Heffing voor de bouw en de dienst van de tabernakel
4Mozes zeide tot de gehele vergadering der Israëlieten: Dit is het gebod dat de Here gegeven heeft: 5neemt van uw bezit een heffing voor de Here; ieder zal deze gewillig van hart opbrengen als heffing voor de Here, goud, zilver, koper; 6blauwpurper, roodpurper, scharlaken, fijn linnen, geitehaar; 7roodgeverfde ramsvellen, tachasvellen, acaciahout; 8olie voor het licht, specerijen voor de zalfolie en voor het welriekend reukwerk; 9chrysopraasstenen en vulstenen voor de efod en voor het borstschild. 10Allen die onder u kunstvaardig zijn, zullen komen maken al wat de Here geboden heeft; 11de tabernakel, zijn tent en zijn dekkleed, zijn haken en zijn planken, zijn dwarsbalken, zijn pilaren en zijn voetstukken; 12de ark met haar draagstokken, het verzoendeksel en het voorhangsel ter bedekking; 13de tafel met haar draagstokken, al haar toebehoren en het toonbrood; 14de lichtkandelaar met zijn gerei, zijn lampen en de olie voor het licht; 15het reukofferaltaar met zijn draagstokken, de zalfolie en het welriekend reukwerk; het gordijn van de ingang, voor de ingang van de tabernakel; 16het brandofferaltaar met het bijbehorende koperen traliewerk, zijn draagstokken en al zijn gerei, het wasvat met zijn voetstuk; 17de gordijnen van de voorhof, zijn pilaren, zijn voetstukken en het gordijn van de poort van de voorhof; 18de pinnen van de tabernakel en de pinnen van de voorhof, en hun touwen; 19de ambtsklederen voor de dienst in het heiligdom, de heilige klederen voor de priester Aäron en de klederen van zijn zonen, om het priesterambt te bekleden.

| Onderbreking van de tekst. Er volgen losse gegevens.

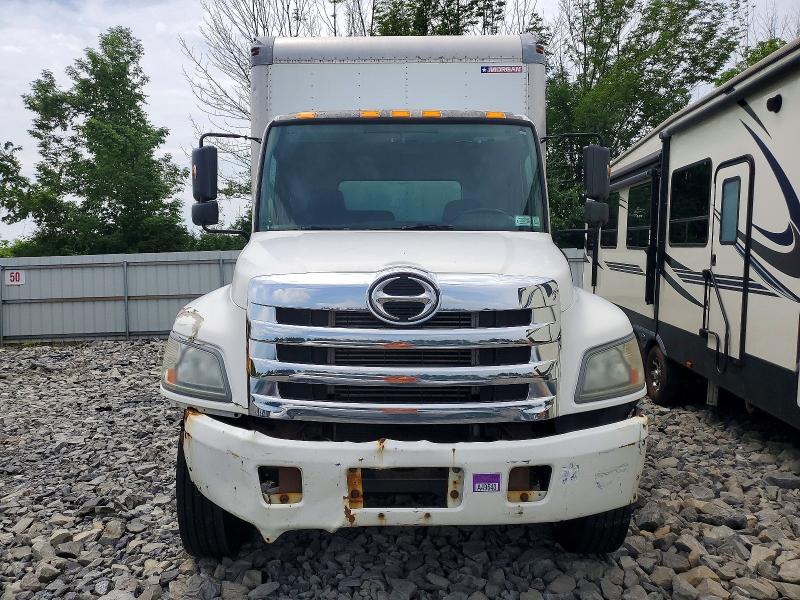 2013 Hino 258/268 მანქანა იყიდება აუქციონზე, vin: 5PVNJ8JV2D4S54593, აუქციონის ნომერი: 56182176
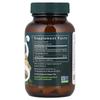 Gaia Herbs Lion's Mane Mushroom Veggie Capsules 40 Counts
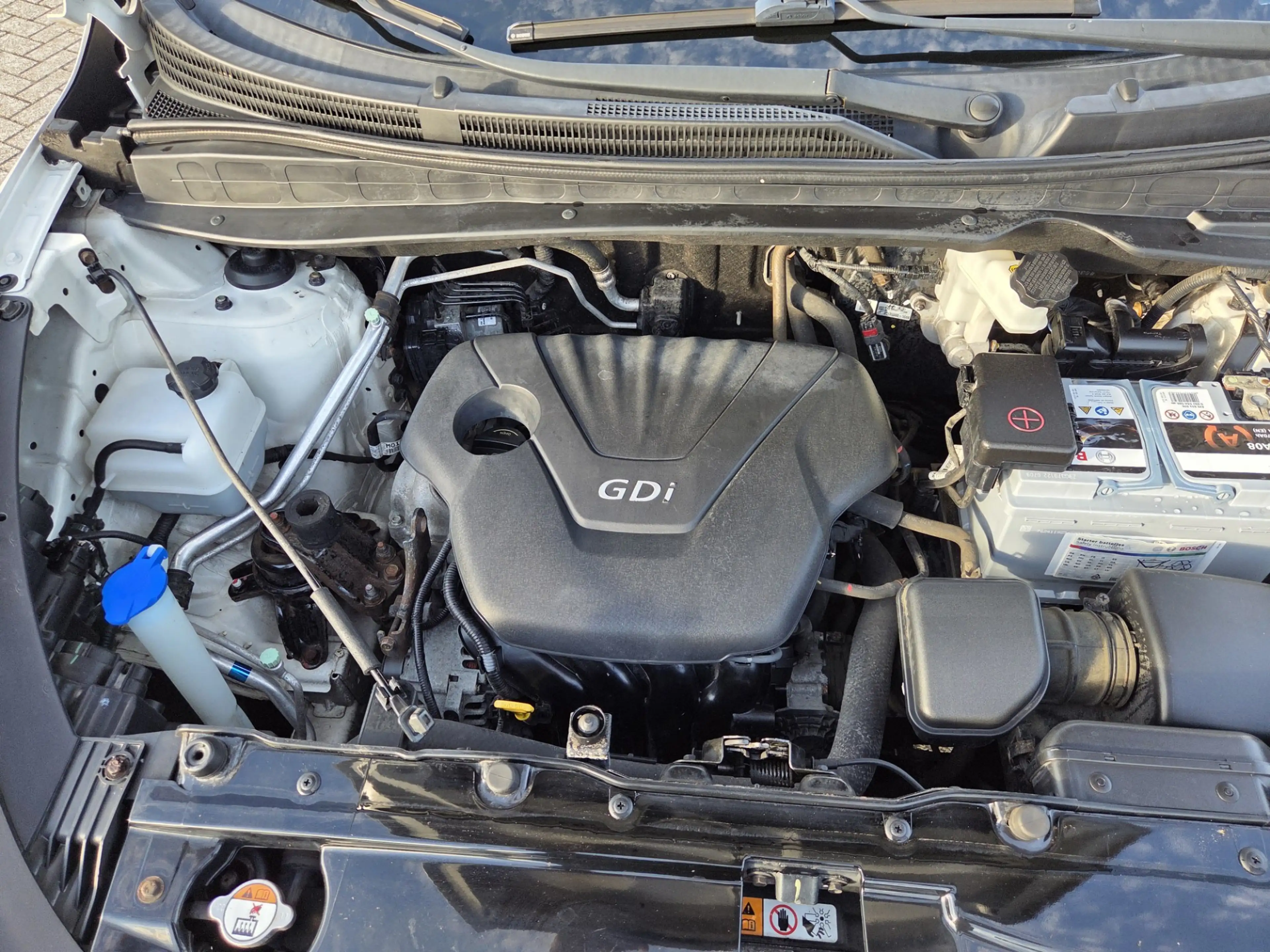 Hyundai iX35 1.6i GDI Style/PANORAMADAK/VOL OPTIES — photo 19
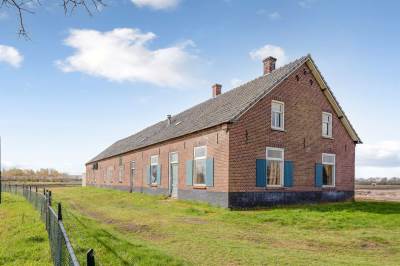 Woning Blauwstraat 1A Sint Anthonis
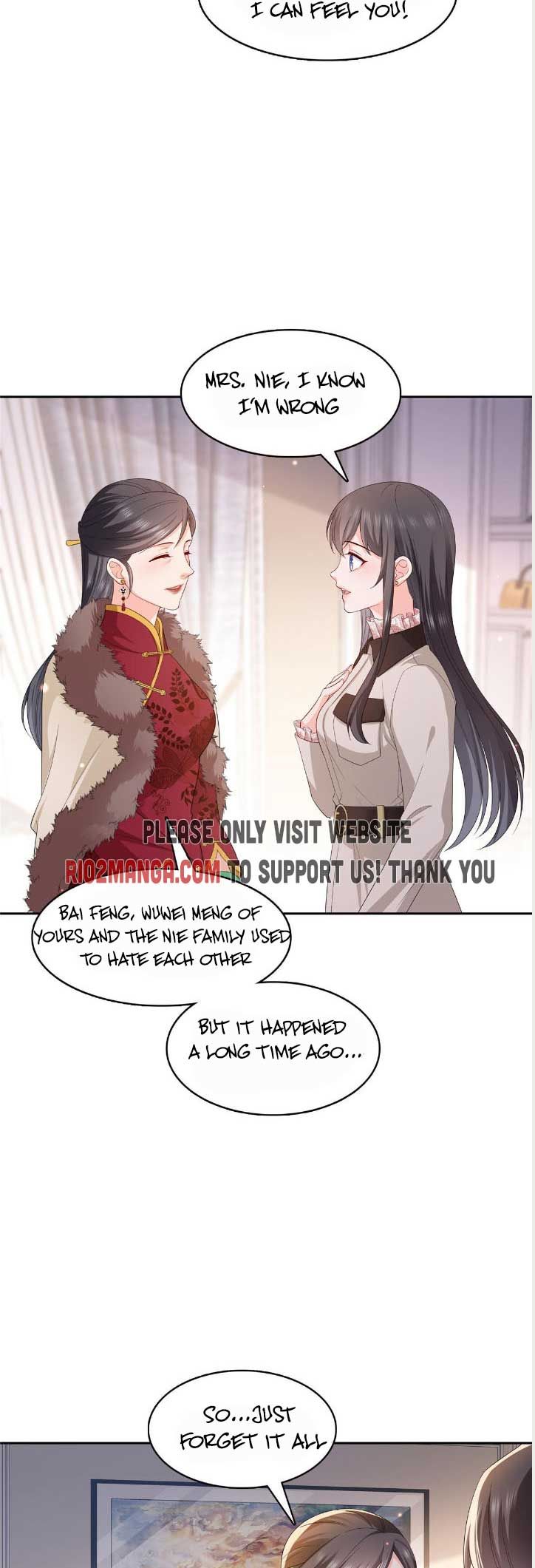 Perfect Secret Love: The Bad New Wife is a Little Sweet chapter 339 - page 12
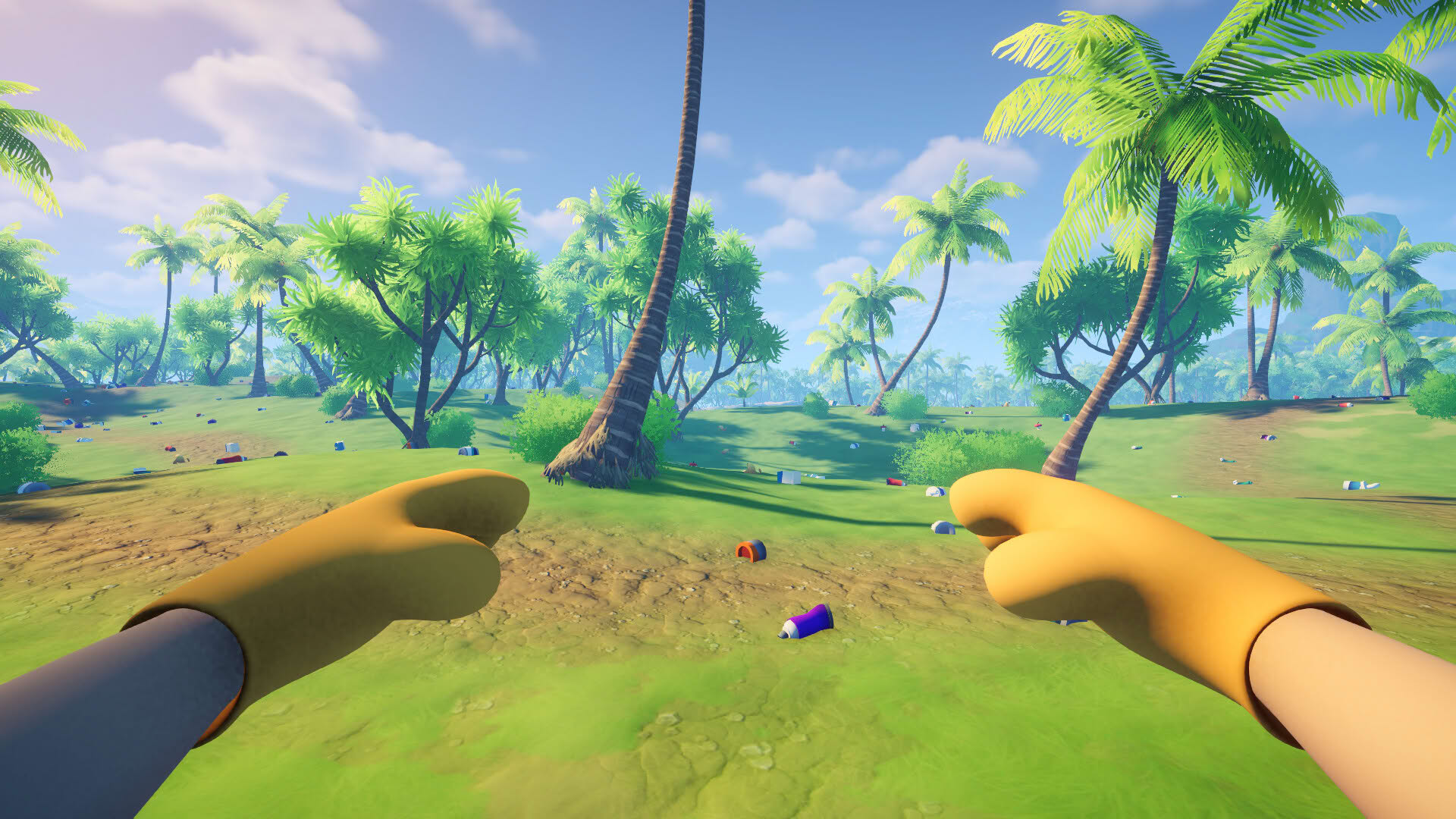 Screenshot for Cozy Island Cleaner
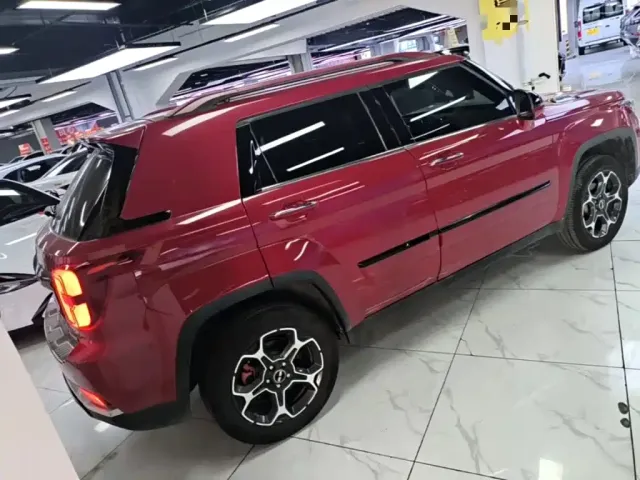 BAIC BJ30 — Фото автомобиля 4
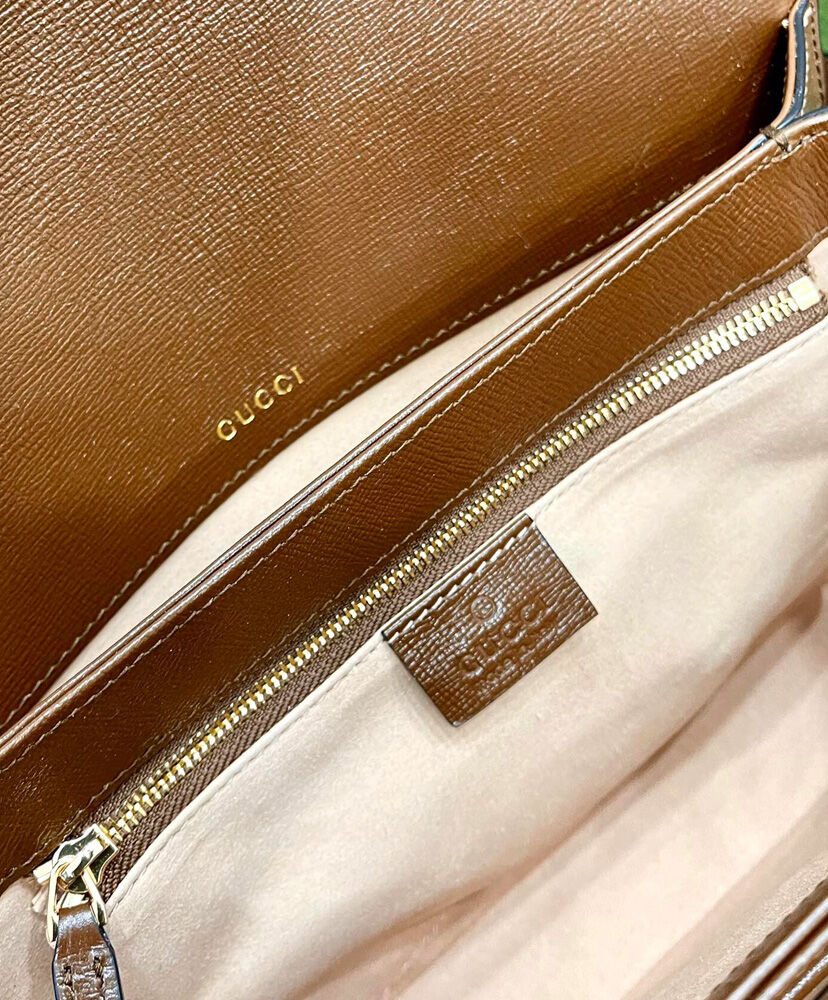 Gucci Horsebit 1955 Shoulder Bag - MarKat store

20Toen ging de gehele vergadering der Israëlieten van Mozes heen. 21Daarop kwam iedere man wiens hart hem dreef, ieder wiens geest hem drong, en bracht de heffing voor de Here ten behoeve van het werk aan de tent der samenkomst en voor de gehele dienst en de heilige klederen. 22Zij kwamen dan, de mannen zowel als de vrouwen, en ieder bracht gewillig van hart neusringen, oorringen, zegelringen en halssieraden, allerlei gouden voorwerpen. Iedere man die een beweegoffer van goud voor de Here bewoog, 23en iedere man die blauwpurper, roodpurper, scharlaken, fijn linnen, geitehaar, roodgeverfde ramsvellen en tachasvellen in zijn bezit had, bracht dit. 24Ieder die een heffing van zilver of koper hief, bracht de heffing voor de Here, en ieder die acaciahout voor al het werk ten behoeve van de dienst in zijn bezit had, bracht dit. 25Iedere vrouw, die kunstvaardig was, spon eigenhandig en zij bracht het gesponnene, het blauwpurper, roodpurper, scharlaken en het fijne linnen. 26Alle kunstvaardige vrouwen, wier hart haar daartoe dreef, sponnen het geitehaar. 27De vorsten brachten de chrysopraasstenen en de vulstenen voor de efod en voor het borstschild, 28de specerij en de olie voor het licht, voor de zalfolie en voor welriekend reukwerk. 29Alle mannen en vrouwen, wier hart hen drong om iets te brengen voor al het werk dat de Here door Mozes geboden had te maken – de Israëlieten brachten het als een vrijwillige gave voor de Here.
Aanstelling van Besaleël en Oholiab
30Mozes zeide tot de Israëlieten: Ziet, de Here heeft Besaleël, de zoon van Uri, de zoon van Chur, uit de stam Juda, bij name geroepen, 31en heeft hem vervuld met Gods Geest, met wijsheid, inzicht en kennis en dat voor allerlei werk: 32om ontwerpen te bedenken en om die uit te voeren in goud, zilver en koper; 33om stenen te bewerken en om die in te zetten; om hout te snijden en om al het ontworpen werk te maken. 34En Hij heeft hem en Oholiab, de zoon van Achisamak, uit de stam van Dan in het hart gegeven om anderen te onderrichten. 35Hij heeft hen vervuld met kunstvaardigheid, om te maken al het werk van een handwerker, van een kunstenaar, van een maker van veelkleurig weefwerk in blauwpurper, roodpurper, scharlaken en fijn linnen, en van een wever: uitvoerders van allerlei werk en makers van ontwerpen.